### [GIVEN INFORMATION]
+---+

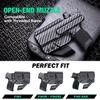WARRIORLAND IWB Kydex Holster, Fits Sig P365/ P365X /P365 SAS view 3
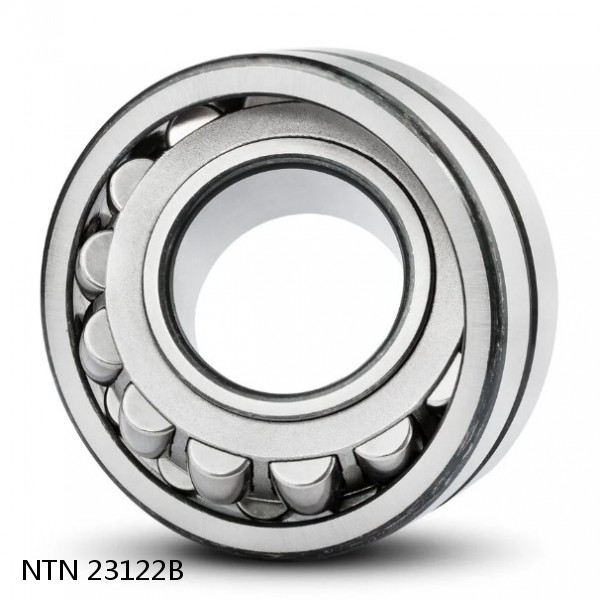 23122B NTN Spherical Roller Bearings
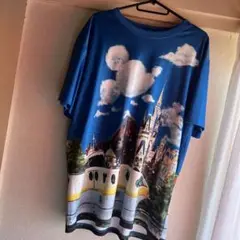 ディズニー Tシャツ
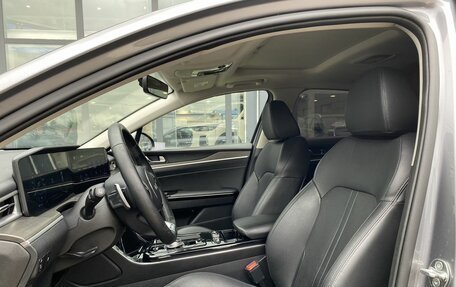 KIA K5, 2024 год, 3 549 000 рублей, 25 фотография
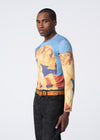THE SLAP Long Sleeve Tee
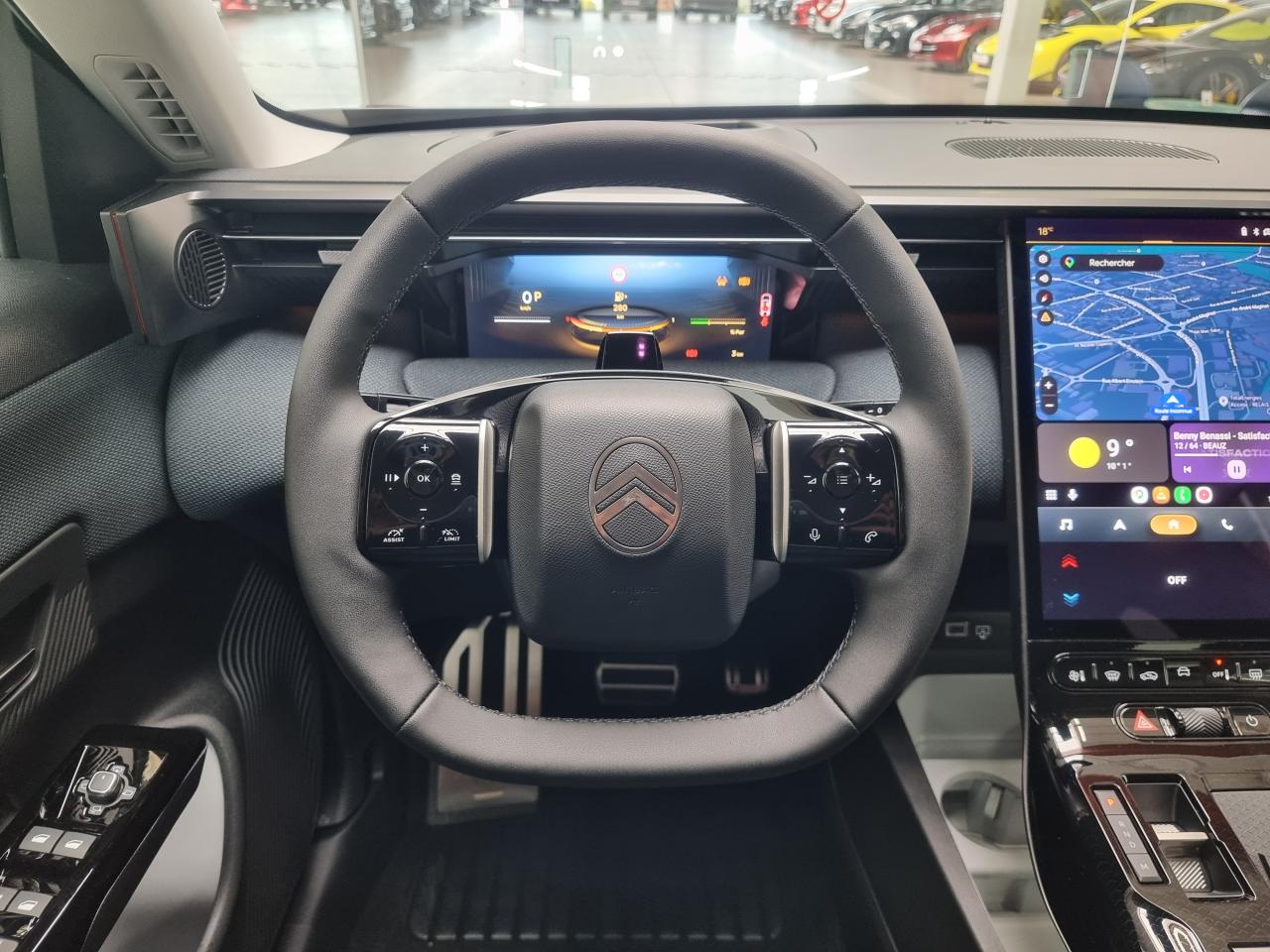 0679-0003411_p68 - CITROEN - C5 AIRCROSS - 2026 - photo 8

+---+

### [AIM OF THE EXERCISE]
Please print the records above once more, word for word, omitting all pictures.

### [RESULT]
WARRIORLAND IWB Kydex Holster, Fits Sig P365/ P365X /P365 SAS view 3
 23122B NTN Spherical Roller Bearings
 ディズニー Tシャツ
 KIA K5, 2024 год, 3 549 000 рублей, 25 фотография
THE SLAP Long Sleeve Tee
 0679-0003411_p68 - CITROEN - C5 AIRCROSS - 2026 - photo 8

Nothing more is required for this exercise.